[Records from a data collection]
————
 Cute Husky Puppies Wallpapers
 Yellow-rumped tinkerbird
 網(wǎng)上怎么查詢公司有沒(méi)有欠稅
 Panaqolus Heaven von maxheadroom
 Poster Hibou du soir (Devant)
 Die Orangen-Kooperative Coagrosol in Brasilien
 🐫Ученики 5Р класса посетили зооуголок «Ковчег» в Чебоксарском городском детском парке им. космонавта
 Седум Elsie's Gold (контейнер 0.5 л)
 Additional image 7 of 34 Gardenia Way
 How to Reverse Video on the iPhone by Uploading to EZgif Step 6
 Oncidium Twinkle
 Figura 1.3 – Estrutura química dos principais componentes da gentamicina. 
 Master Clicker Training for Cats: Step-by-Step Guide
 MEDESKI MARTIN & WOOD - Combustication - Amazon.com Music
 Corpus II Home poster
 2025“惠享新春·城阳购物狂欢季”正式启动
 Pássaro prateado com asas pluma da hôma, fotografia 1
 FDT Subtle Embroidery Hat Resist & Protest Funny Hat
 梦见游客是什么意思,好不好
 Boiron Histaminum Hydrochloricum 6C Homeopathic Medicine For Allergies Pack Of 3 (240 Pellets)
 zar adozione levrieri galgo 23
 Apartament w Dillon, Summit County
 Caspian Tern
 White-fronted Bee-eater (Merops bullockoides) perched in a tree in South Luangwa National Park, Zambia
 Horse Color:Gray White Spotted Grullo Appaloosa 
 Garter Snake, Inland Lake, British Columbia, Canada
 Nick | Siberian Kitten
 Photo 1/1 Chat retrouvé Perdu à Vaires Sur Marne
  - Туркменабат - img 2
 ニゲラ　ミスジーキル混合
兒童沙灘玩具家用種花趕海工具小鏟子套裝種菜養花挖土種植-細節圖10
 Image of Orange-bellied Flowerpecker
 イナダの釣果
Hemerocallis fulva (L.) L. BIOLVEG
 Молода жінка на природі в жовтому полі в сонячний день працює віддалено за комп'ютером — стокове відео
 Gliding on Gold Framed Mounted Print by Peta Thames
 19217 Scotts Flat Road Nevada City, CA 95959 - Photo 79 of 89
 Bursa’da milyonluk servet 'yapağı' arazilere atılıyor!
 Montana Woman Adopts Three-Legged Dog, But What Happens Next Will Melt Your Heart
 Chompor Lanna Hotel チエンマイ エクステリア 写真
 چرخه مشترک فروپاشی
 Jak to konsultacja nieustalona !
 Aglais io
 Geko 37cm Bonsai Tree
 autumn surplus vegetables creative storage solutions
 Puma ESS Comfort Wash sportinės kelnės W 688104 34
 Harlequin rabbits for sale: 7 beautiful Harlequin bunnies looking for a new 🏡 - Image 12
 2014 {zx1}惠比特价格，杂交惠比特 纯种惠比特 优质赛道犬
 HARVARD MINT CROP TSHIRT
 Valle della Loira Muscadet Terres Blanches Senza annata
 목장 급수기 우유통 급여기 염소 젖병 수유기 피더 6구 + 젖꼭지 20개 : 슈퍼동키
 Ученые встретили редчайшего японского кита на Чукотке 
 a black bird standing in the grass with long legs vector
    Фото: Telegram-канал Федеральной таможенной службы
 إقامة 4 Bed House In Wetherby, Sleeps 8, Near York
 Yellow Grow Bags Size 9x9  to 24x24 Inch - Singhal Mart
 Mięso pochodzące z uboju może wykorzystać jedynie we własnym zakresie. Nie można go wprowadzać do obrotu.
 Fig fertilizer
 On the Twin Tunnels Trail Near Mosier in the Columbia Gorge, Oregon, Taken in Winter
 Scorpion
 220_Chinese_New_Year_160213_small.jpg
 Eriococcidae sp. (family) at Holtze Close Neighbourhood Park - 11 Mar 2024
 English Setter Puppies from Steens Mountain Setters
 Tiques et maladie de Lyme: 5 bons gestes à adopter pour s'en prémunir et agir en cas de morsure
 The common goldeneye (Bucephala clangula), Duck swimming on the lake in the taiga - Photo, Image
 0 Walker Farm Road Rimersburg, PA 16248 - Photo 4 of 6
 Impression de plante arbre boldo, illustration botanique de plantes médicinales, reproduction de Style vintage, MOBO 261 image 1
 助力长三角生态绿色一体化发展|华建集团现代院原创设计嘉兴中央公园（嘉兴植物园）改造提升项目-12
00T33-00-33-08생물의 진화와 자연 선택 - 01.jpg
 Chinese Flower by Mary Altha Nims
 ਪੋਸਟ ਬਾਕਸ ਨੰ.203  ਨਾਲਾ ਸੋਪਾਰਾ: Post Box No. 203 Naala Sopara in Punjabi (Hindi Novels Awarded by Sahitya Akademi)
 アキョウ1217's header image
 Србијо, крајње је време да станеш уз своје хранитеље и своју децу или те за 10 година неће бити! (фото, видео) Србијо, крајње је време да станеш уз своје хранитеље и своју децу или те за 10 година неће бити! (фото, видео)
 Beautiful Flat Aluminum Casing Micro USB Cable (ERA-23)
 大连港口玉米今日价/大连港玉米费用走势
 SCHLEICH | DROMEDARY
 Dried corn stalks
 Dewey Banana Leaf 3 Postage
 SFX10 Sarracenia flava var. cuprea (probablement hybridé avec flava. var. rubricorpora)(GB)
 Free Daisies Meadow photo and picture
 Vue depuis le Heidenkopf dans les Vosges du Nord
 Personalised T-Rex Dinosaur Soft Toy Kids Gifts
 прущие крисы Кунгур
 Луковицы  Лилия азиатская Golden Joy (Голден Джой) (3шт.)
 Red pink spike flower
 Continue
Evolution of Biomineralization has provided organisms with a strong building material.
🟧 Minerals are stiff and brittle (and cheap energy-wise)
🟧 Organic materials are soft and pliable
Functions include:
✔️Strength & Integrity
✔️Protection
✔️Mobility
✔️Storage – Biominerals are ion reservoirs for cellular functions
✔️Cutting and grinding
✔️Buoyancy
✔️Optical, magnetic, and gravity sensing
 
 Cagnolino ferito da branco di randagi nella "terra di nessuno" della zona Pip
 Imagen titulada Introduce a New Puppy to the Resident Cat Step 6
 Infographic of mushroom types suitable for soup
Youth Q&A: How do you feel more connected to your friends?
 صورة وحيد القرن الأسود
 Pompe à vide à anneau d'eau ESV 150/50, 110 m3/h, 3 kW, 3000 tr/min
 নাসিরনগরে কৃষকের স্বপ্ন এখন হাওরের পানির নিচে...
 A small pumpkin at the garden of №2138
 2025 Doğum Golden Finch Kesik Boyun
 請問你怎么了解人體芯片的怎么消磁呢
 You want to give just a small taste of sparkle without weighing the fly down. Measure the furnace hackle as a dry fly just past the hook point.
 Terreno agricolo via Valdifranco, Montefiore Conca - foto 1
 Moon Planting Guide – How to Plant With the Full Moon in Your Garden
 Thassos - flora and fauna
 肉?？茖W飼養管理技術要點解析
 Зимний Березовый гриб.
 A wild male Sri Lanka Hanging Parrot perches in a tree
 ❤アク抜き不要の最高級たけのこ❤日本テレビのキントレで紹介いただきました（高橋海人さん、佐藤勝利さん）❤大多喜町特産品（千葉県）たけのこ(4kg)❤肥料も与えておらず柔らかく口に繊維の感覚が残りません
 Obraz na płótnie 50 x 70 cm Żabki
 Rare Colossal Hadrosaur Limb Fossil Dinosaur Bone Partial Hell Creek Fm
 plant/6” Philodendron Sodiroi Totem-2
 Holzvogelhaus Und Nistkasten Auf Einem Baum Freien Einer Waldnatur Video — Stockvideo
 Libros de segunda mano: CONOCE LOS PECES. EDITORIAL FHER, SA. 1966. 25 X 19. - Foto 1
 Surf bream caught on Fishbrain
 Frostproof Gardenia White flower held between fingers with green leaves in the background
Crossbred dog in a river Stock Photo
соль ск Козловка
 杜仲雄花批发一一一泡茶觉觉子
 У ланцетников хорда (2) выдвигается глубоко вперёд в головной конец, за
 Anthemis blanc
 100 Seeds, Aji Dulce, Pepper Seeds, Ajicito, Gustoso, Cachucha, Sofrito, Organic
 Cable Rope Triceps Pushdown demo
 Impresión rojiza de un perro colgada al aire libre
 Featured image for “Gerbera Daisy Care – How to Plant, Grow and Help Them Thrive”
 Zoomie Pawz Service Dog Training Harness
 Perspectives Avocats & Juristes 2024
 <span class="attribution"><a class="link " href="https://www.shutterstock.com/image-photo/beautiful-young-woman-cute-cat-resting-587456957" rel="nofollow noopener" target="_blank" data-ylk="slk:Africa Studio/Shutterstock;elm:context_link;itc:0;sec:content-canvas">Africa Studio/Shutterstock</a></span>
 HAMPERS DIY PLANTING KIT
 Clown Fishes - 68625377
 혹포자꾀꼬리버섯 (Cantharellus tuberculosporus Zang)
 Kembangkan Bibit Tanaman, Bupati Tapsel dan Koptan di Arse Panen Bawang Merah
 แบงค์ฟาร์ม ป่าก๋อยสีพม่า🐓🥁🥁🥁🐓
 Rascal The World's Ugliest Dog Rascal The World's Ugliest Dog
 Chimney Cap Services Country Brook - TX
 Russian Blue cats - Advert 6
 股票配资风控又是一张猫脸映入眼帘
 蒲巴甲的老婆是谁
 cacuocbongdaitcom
————
Write out the lines above, starting at the line that contains "股票配资风控又是一张猫脸映入眼帘" and ending with the final line, and nothing else; copy them exactly.

 股票配资风控又是一张猫脸映入眼帘
 蒲巴甲的老婆是谁
 cacuocbongdaitcom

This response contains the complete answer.